O distritão é louvado (1) por eleger os mais votados do pleito; (2) pela sua simplicidade (inteligibilidade); (3) por respeitar a vontade do eleitor; (4) por fortalecer os principais partidos e evitar fragmentação partidária e (5) por impedir transbordamento (spillover) de votos de puxadores para candidatos de pouca dimensão eleitoral.
O rol dos deméritos, todavia, é apreciável:
(a) reduz o pluralismo político do Parlamento; (b) diminui a participação das minorias; (c) tem baixa taxa de renovação da representação, devido ao recall dos atuais eleitos; (d) concentra mais votos e representantes nos partidos grandes; (e) supervaloriza as pessoas famosas (extra partidárias) em detrimento da qualidade da representação; (f) aumenta a personalização da representação; (g) tem baixa accountability (pouca ligação entre o parlamentar e as bases eleitorais); (h) relega partidos a plano secundário; (i) estimula competição entre correligionários de um mesmo partido e (j) favorece a influência do poder econômico.
Um argumento de convencimento expressado por alguns parlamentares é o de que o distritão seria implantado agora, mas como transição para o modelo distrital misto, que vigeria a partir de 2030. No mecanismo misto o eleitor vota duas vezes e uma parte dos parlamentares é eleita pelo sistema majoritário-distrital puro e a outra parte pelo proporcional de lista fechada. Um dos modelos mais complexos em uso nas democracias contemporâneas.
A justificativa de que o distritão seria um aprendizado para o distrital misto não se sustenta. São dois sistemas que guardam entre si enormes diferenças.

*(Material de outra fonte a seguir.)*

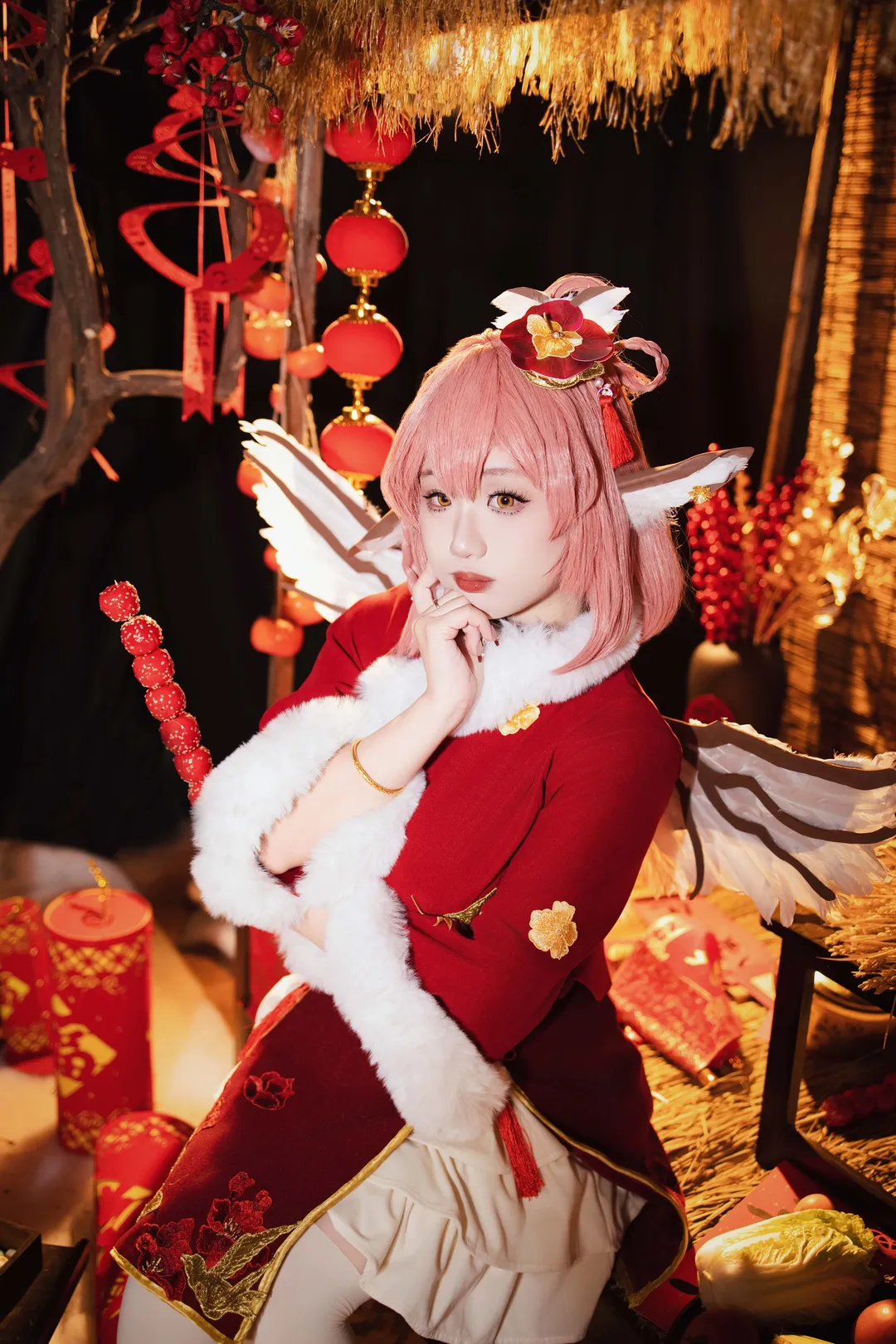Touhou Project, Cosplay photography, Traditional Chinese style New Year, Touhou Mystia's Izakaya, Mystia Lorelei cosplay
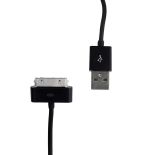 Whitenergy Kabel USB 2.0 do iPhone 4 transfer/ładowanie 100cm czarny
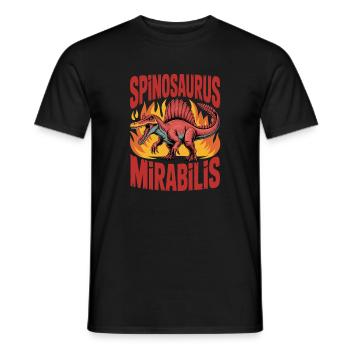 Neue Spinosaurus Mirabilis 2026 Entdeckung - Männer T-Shirt - Schwarz - Vorne - AI Model Male 178 light (178cm)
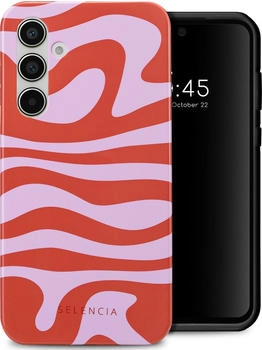 Selencia Samsung Galaxy A55 H&uuml;lle Kunststoff Hard Case/Backcover Bunt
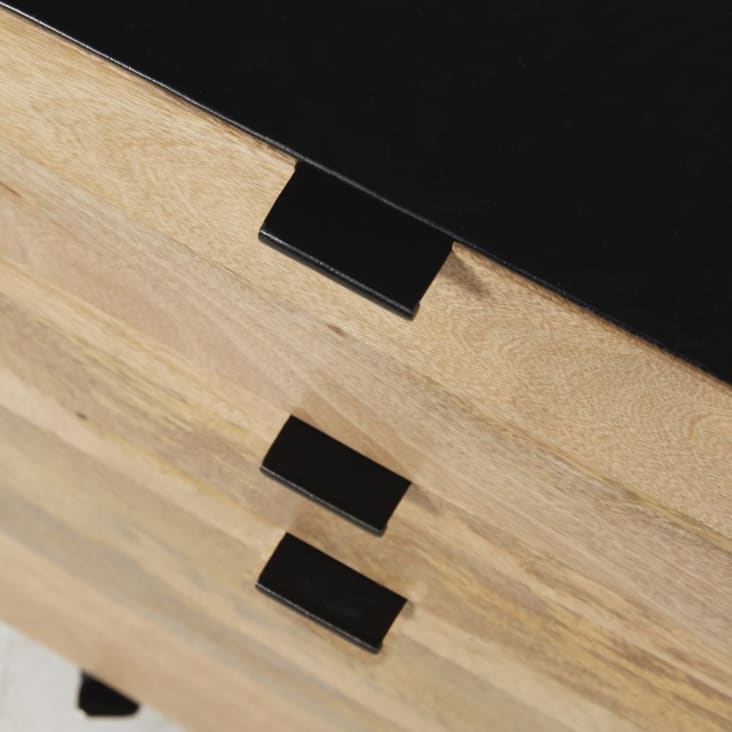 Contenitore per scrivania professionale in legno massello di mango e metallo-Hoxton Business cropped-6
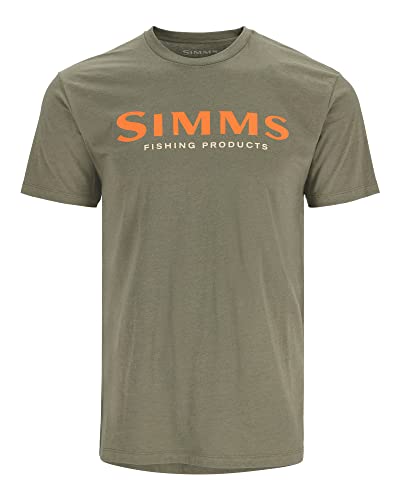 Simms Men's Logo Classic T-Shirt – Cotton Blend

E tem uma questão lógica: se o distritão não serve para ser permanente, por que submeter o país a essa traumática temporariedade?
Ademais, o argumento da transição pressupõe que o distrital misto é superior ao distritão – a ponto deste servir apenas de trampolim para aquele – ou ao proporcional de lista aberta – a ponto de este ser substituído por ambos. Todos os sistemas eleitorais têm vantagens e desvantagens e é sempre controverso se falar de superioridade de um sobre outro, pois “nenhum sistema de voto é justo, perfeito, ideal” (“Teorema da Impossibilidade de Arrow”).
Note-se, enfim, que a proposta de mudança de modelo eleitoral ressurge de forma flagrantemente casuística: “facilitar a vida de partidos nanicos” (Poder360, 24/02/21). O propósito explicitado é o de desfazer o regramento constitucional de 2017, que diminui a fragmentação partidária e imprime qualidade ao sistema político.
Uma propositura vazada em tais desígnios não pode prosperar.